What you need to do: Copy the listing exactly; drop the pictures.
======== Information provided ========
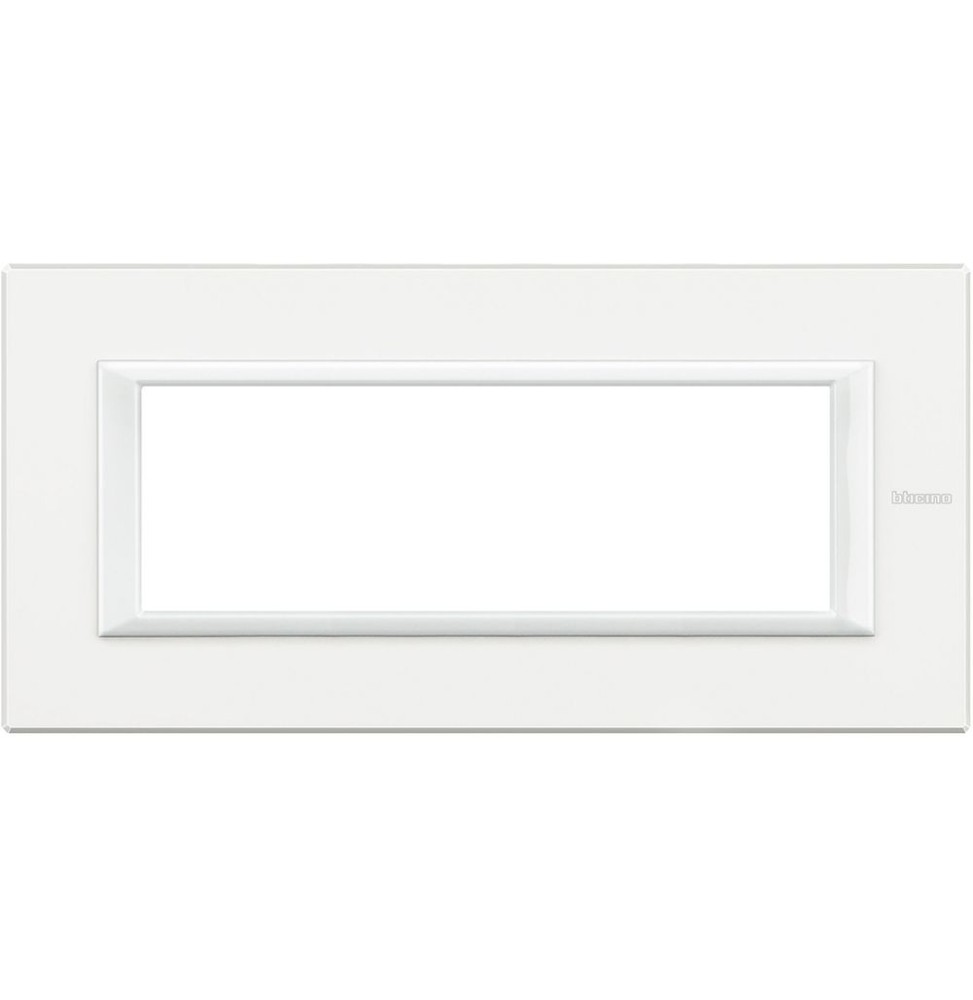 Placca in metallo Bianca Bticino Axolute 6 Posti HA4806HD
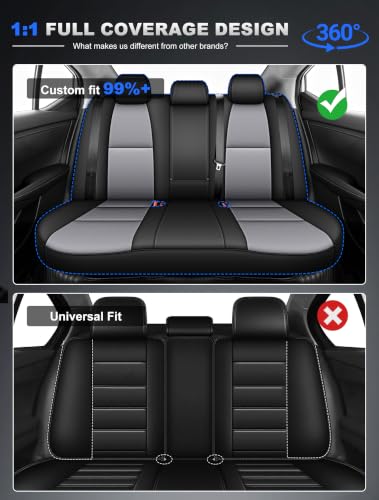 Image of AOMSAZTO Seat Covers for Nissan Sentra:2020 2021 2022 2023 2024 2025 S SV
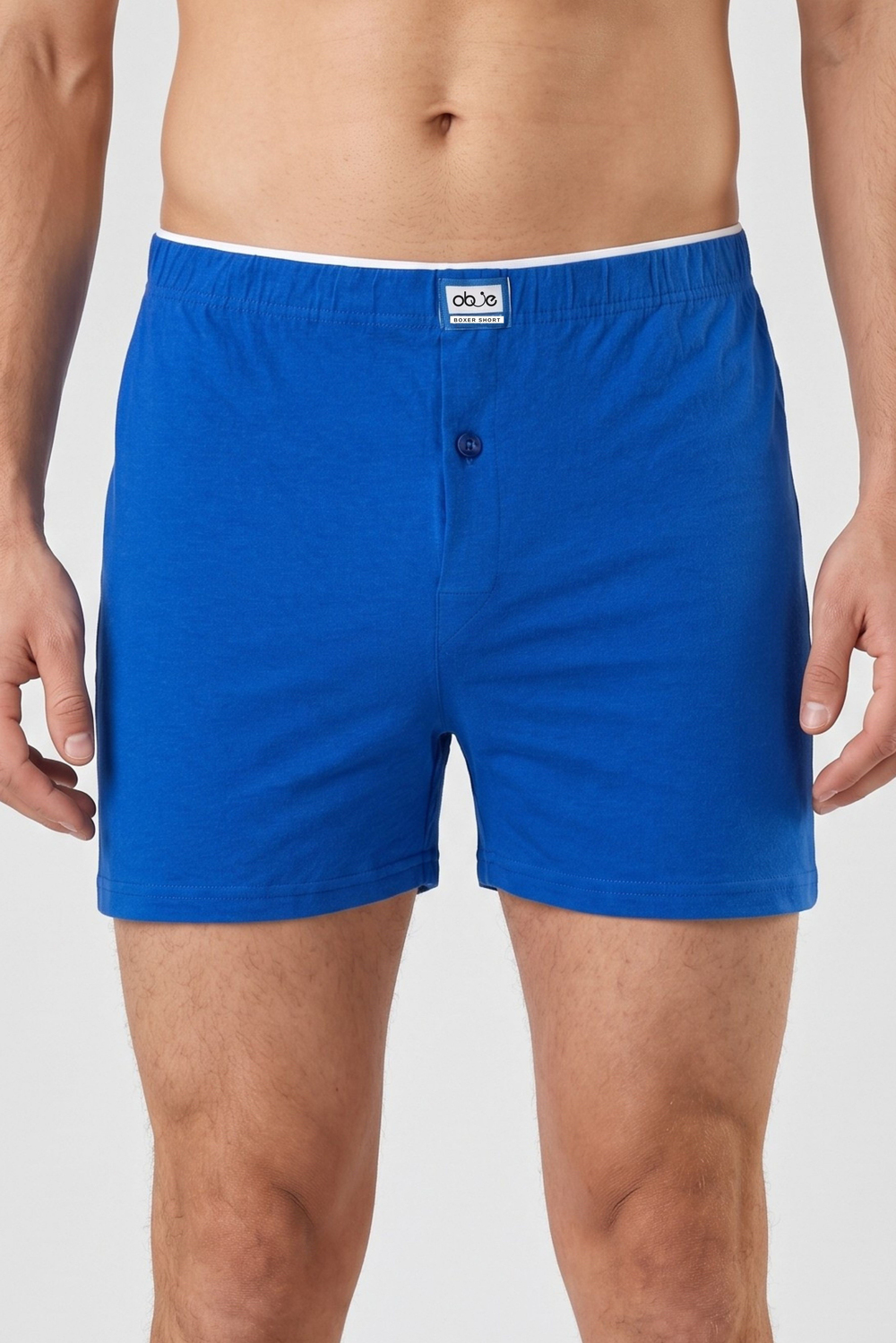 Erkek Saks Mavi Havlu Bel Boxer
========
Result of this exercise:
 Placca in metallo Bianca Bticino Axolute 6 Posti HA4806HD
 Image of AOMSAZTO Seat Covers for Nissan Sentra:2020 2021 2022 2023 2024 2025 S SV
 Erkek Saks Mavi Havlu Bel Boxer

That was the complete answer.